Difficile de choisir parmi les écrits d'Elisée Reclus, un « classique », tant son oeuvre est riche, abondante. A sa mort, on recensera près de 265 ouvrages ou articles (dont certains traduits en anglais, en espagnol, en italien et même en braille...), soit entre 25 000 et 30 000 pages. Dès 1851, il écrit des articles (sur le « Développement de la liberté dans le monde ») qui seront publiés après sa mort dans des revues anarchistes (Le Libertaire est traduit en italien - Pensiero volonta- et en espagnol - La Protesta, à Buenos Aires- dans les années 1925). La publication de son premier ouvrage, Lettres d'un voyageur et Nouvelle-Grenade, date de 1857.
Auteur prolixe, E. Reclus vise des publics variés : les hommes de science et les intellectuels mais aussi les ouvriers, les paysans, les hommes politiques. Son oeuvre de géographe ne se départit pas de son engagement politique ni d'un idéal anarchiste. Aussi s'exprime-t-il sur des supports multiples : des guides de voyageurs (les Guides Joanne de la maison Hachette), qui contribuèrent à sa notoriété; des publications résolument scientifiques (comme la Revue des deux mondes, le Bulletin de la société de géographie de Paris) ou de vulgarisation (Bibliothèque d'éducation et de vulgarisation éditée par Hetzel), sans oublier les supports de propagande libertaire (L'Idée libre, Le Libertaire).
Une oeuvre encyclopédique
Son oeuvre maîtresse n'en reste pas moins la Géographie universelle que lui commande l'éditeur Hachette. Le titre dit bien l'objectif de cette entreprise monumentale : dresser l'état de la connaissance sur les pays et régions du monde. Ecrite entre 1875 et 1894, elle totalise 19 volumes, 17 873 pages et 4 290 cartes. Le communard Gustave Lefrançois et le Russe Léon Metchnikoff y ont certes contribué, mais cela reste bien peu comparé au nombre de géographes mobilisés pour les géographies universelles publiées ultérieurement...
A bien des égards, sa Géographie universelle s'apparente à une géographie de cabinet : E. Reclus rédige à partir des récits de voyageurs et d'autres géographes qu'il a compilés. Mais il met aussi à profit les connaissances et observations accumulées au cours de ses nombreux voyages, volontaires ou forcés : en Angleterre, en Irlande, en Suisse, aux Etats-Unis, en Colombie...

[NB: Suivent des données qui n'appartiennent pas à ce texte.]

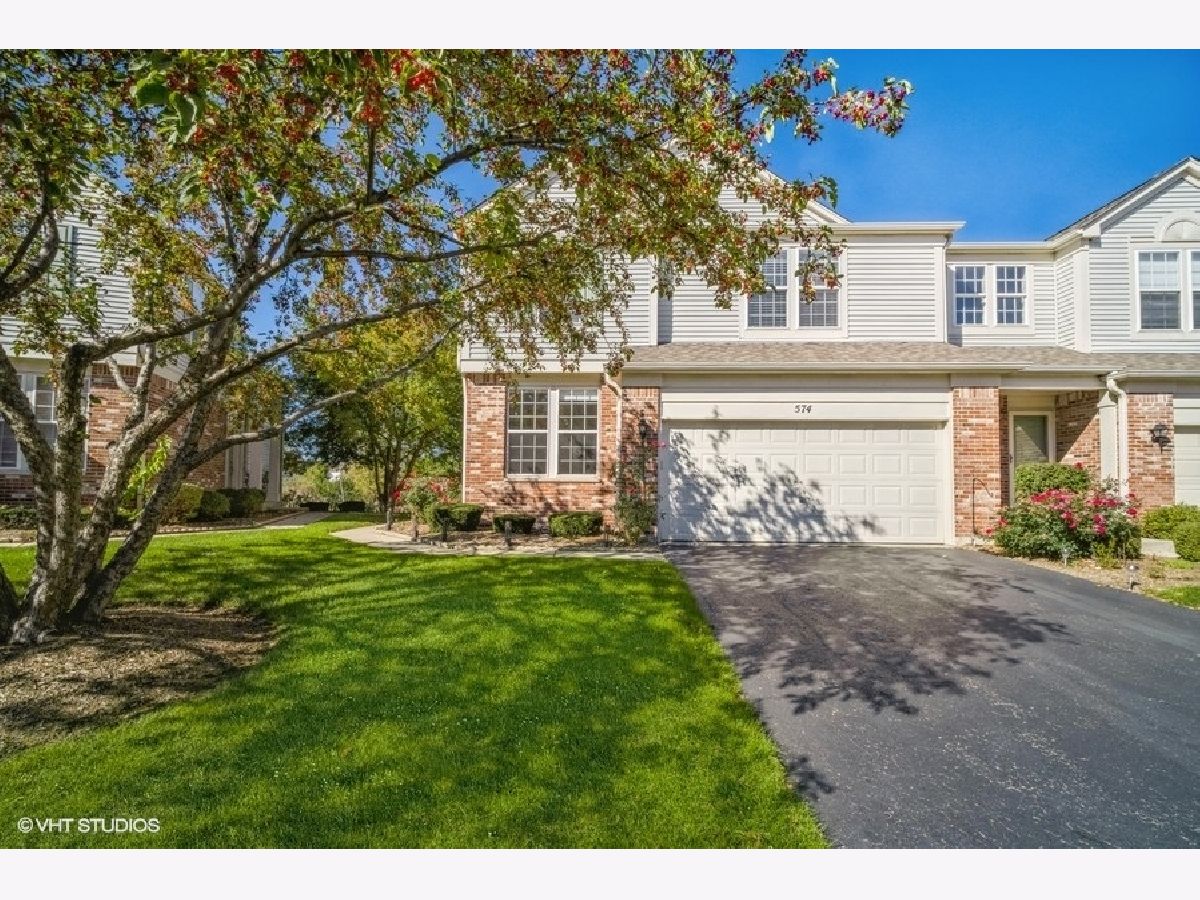 Townhomes Sold Creekside Meadows Algonquin Illinois, 574 Woods Creek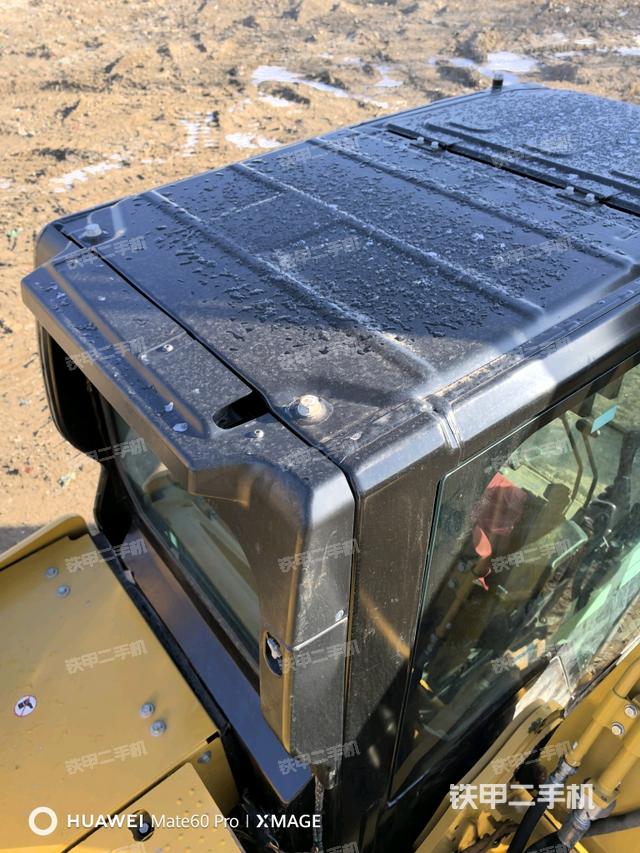 駕駛室頂部（整機外觀）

D'autres oeuvres méritent qu'on s'y arrête quelques instants tant elles annoncent ou complètent le travail entrepris avec la Géographie universelle : La Terre. Description des phénomènes de la vie du globe, publiée en 1868 (soit 2 tomes et 1 606 pages); l'Histoire d'un ruisseau (voir encadré p. 46), suivi, onze ans plus tard, d'une Histoire d'une montagne ; enfin, L'Homme et la Terre, dont le premier tome paraît l'année de sa mort à la Librairie universelle (5 tomes suivront, publiés entre 1905 et 1908).
Comme ses écrits, la Géographie universelle livre de longues descriptions dans un style littéraire. D'aucuns ne manqueront pas de le souligner pour mieux en minimiser l'intérêt. C'est confondre le goût pour la description avec le sens de l'observation. « C'est l'observation de la Terre qui nous explique les événements de l'histoire, et celle-ci nous ramène à son tour vers une étude plus approfondie de la planète, vers une solidarité plus consciente de notre individu, à la fois petit et si grand, avec l'immense Univers » (préface de L'Homme et la Terre).